In response to questions from BuzzFeed News, a spokesperson for Google said, “First, to be clear, the example Sundar walked through yesterday was entirely hypothetical — he was demonstrating how we think an assistant should work over time, provided you opt in to share this type of information and receive recommendations.” Concrete answers are not possible “until this functionality is available and working,” said the spokesperson. “Potentially, it could have been that you looked for and purchased four family movie tickets in the past.”

That omniscience is especially powerful compared to the myopic limitations of its chatbot competitors. (At Facebook’s recent developer conference, Mark Zuckerberg showed off a helper bot from 1-800-Flowers.) Siri is much more useful, but tends to short circuit when faced with casual conversation. That’s one reason why Danny Sullivan, chronicler of all things GOOG, said that anyone comparing Google Home to Siri was “missing the big picture.” What the digital helper represents is a search platform for your entire life, in every moment and every location. It's in your phone and on your computer, sure. But also your wrist, your car, your TV — and soon enough — your home.

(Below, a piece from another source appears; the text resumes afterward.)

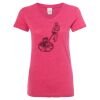 Women’s Glitter V-Neck T-Shirt Thumbnail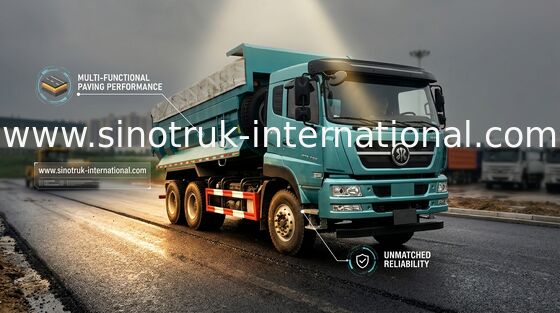 25 - 40 Tons CNHTC Tipper Dump Truck 371HP 10 Wheels For Mining / Municipal Works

In the last stretch of the two-hour marathon, the sun began to descend row by row down the amphitheater, scorching strips of exposed skin not covered by complimentary Google sunscreen. The overheated audience dutifully exited and shuffled out. They stood in long lines to demo smartphone-guided robots that flung paint through the air at spinning cubes, and to buy swag that proved they were there.

When the Shoreline Amphitheatre location was announced, it was easy to imagine that Google wanted to use the lawn to roll out a fleet of self-driving cars or sky-dive onto the outdoor stage with VR gear for everyone. But, as Pichai argued repeatedly, context is everything. And letting Google in the front door is trippy enough.